Falling so close to Election Day, Halloween offers the perfect time for a political scare.
For voters in the dark, here are five basic fright-night features of which to beware:
Spirits and ghosts of elections past rise to haunt the airwaves with endorsements.
Former President Bill Clinton appeared Thursday, as he has before, in support of Gov. Andrew M. Cuomo. Former New York City Mayor Rudy Giuliani Thursday endorsed fellow Republican Bruce Blakeman for Congress. Former Gov. George Pataki tweeted this week about his close associate, John Cahill, who's running for attorney general.

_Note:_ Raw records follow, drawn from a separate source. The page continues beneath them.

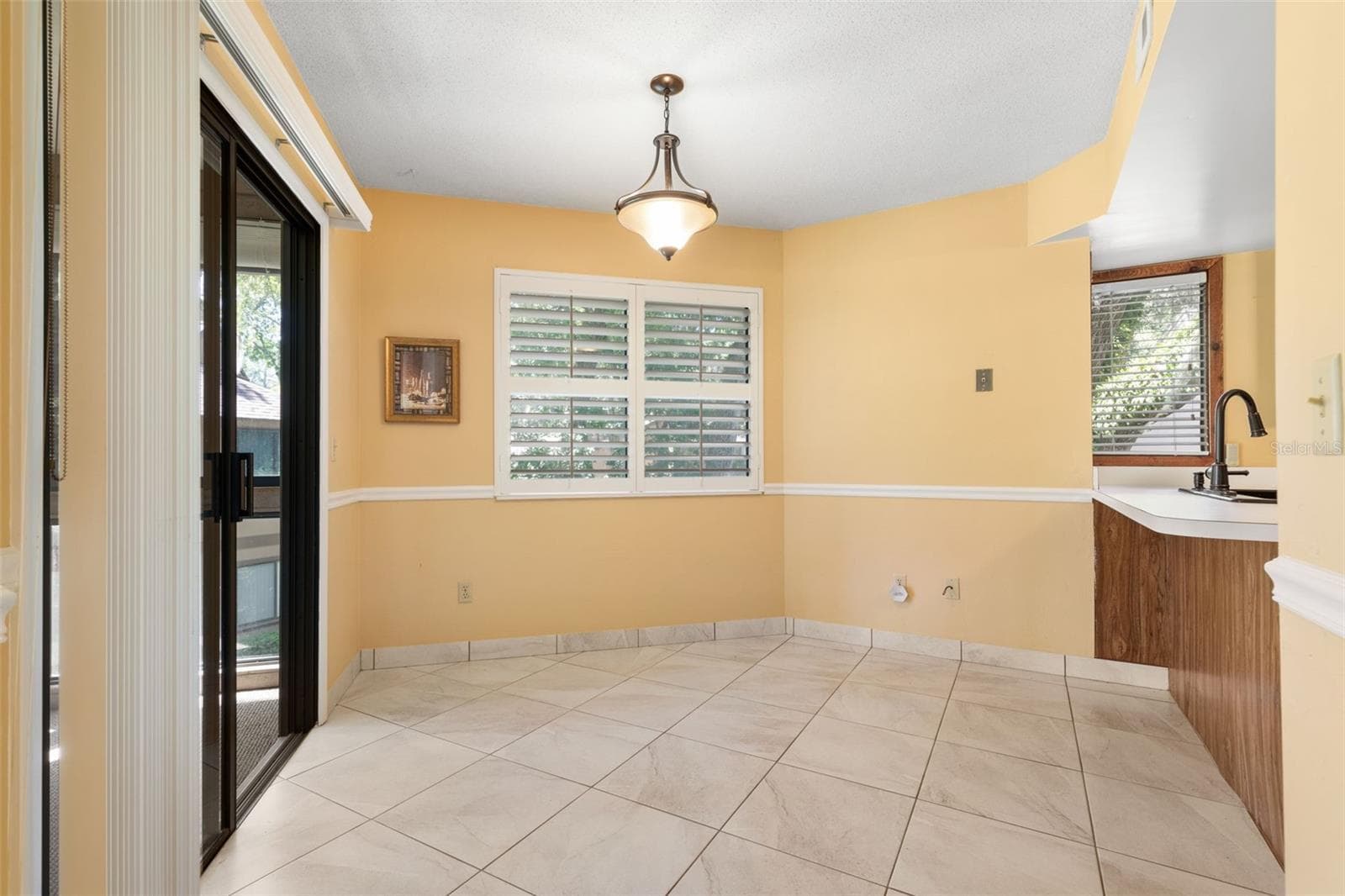 20 Mid Oaks Eat In Kitchen - 20 MID OAKS CIR, PALM COAST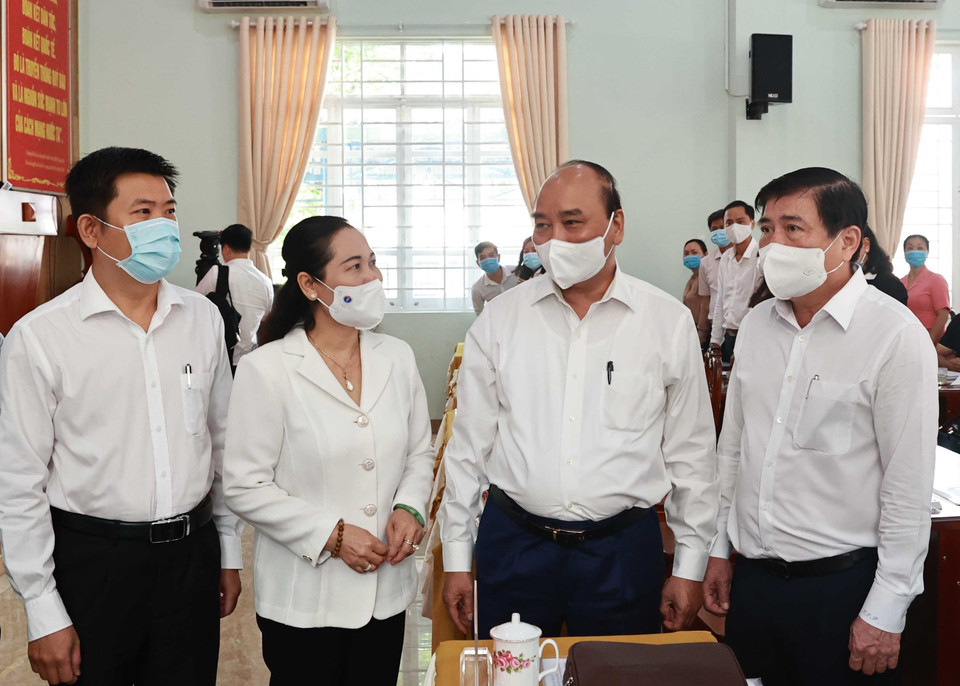 Chủ tịch nước Nguyễn Xuân Phúc tiếp xúc cử tri xã Đức Nhuận, Phạm Văn Cội và Phú Hòa Đông, huyện Củ Chi ngày 9/5. (Ảnh: Thống Nhất/TTXVN)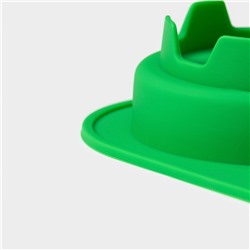 Форма для выпечки новогодняя Доляна «Новогодний набор», силикон, 20.5×22×3.5 см, 6 ячеек, зелёная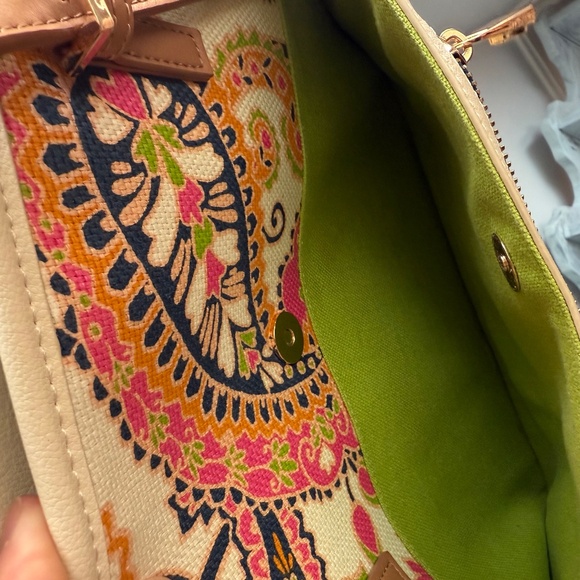 Spartina 449 High Ebb Avery Tote - Picture 6 of 9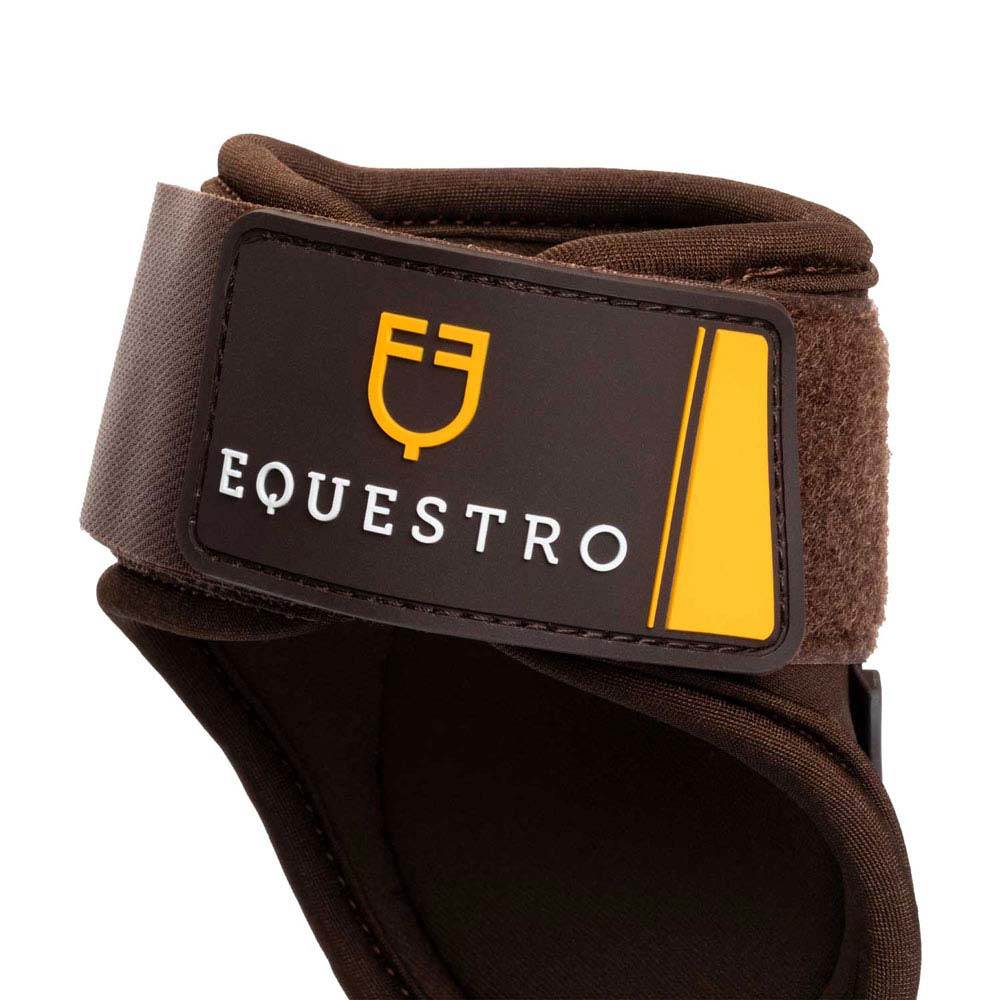 Protector equino castanho escuro com etiqueta EQUESTRO.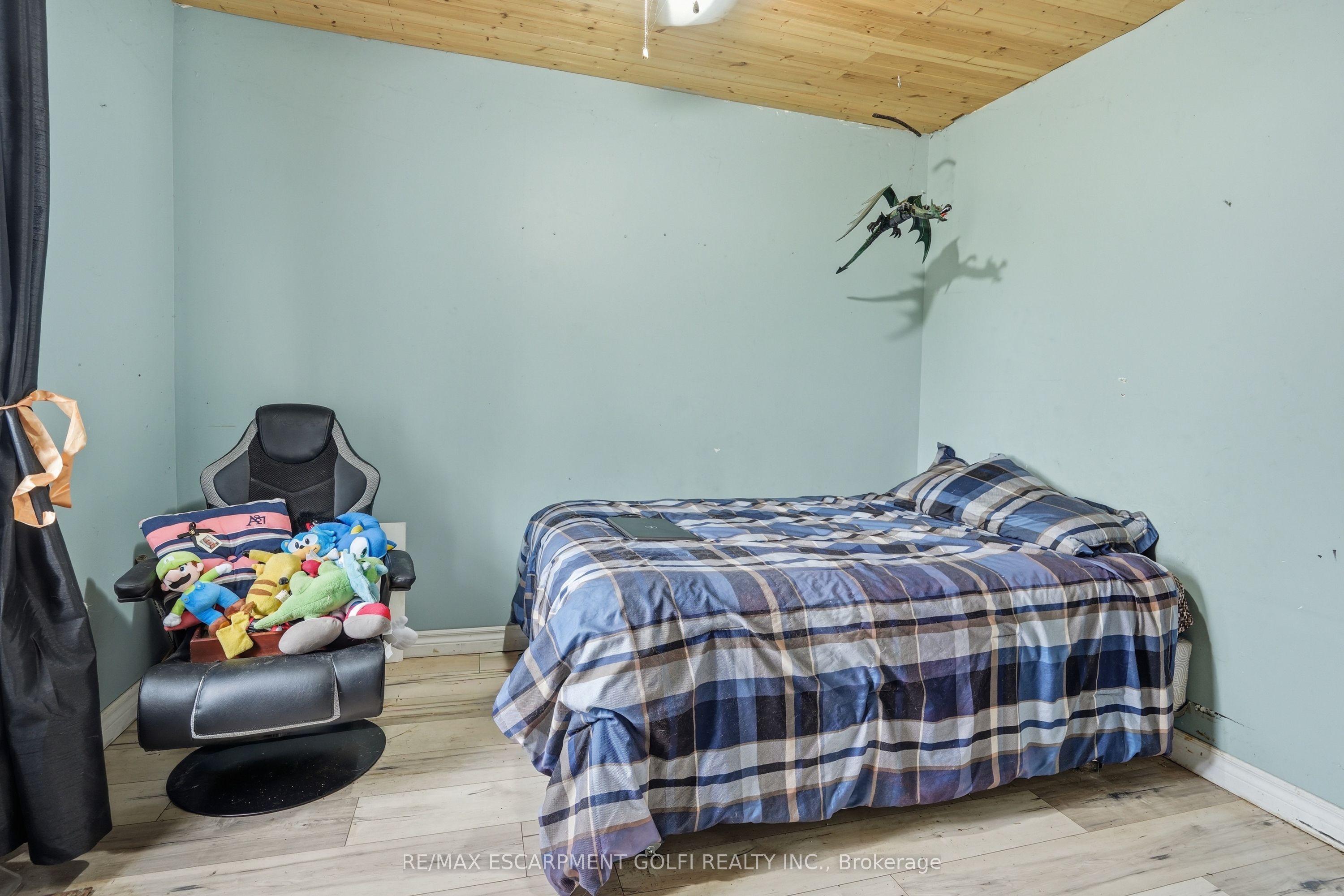 2538 Garrison Road Property Photo 15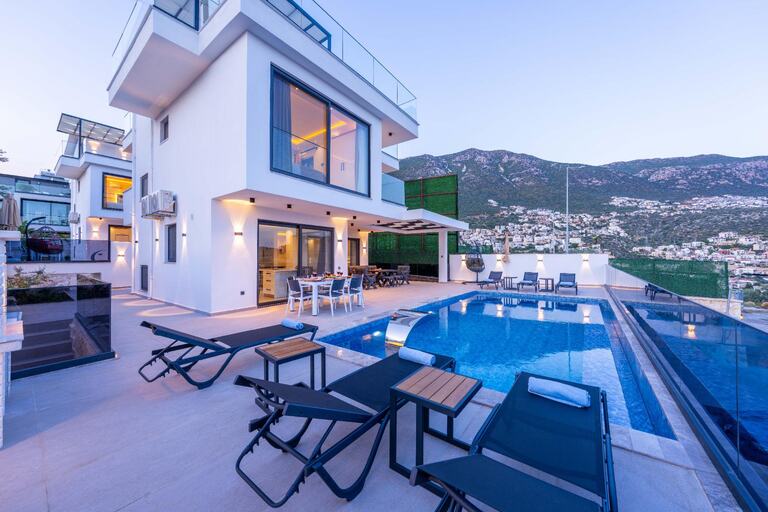 Villa Lovelet 2 — 3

Some of these political apparitions from the 1990s had costume masks modeled after them many Halloweens ago. Their presence may impress some citizens -- or may prove as harmless as Casper to their endorsees' opponents.
Reading the language of some ballot propositions offers a one-way trip deep into the moonless woods.
For example, try figuring out for sure if State Proposition 1 really would advance New York toward a fairer redistricting process or if, as critics say, the referendum falls short. Plowing through its full 4,000-plus words, even hardy souls might flee screaming.
Trick-or-treaters have nothing on phone canvassers, robocallers or fundraising emailers.
They'll keep trying to reach you until you want to huddle behind the door and pretend nobody's home.
But maybe these campaign callers should warrant sympathy rather than fear. As with trick-or-treating, that's how business is done. And unlike trick-or-treating, it isn't optional. In the light of day, campaigns need money and candidates need voters to show up at the polls.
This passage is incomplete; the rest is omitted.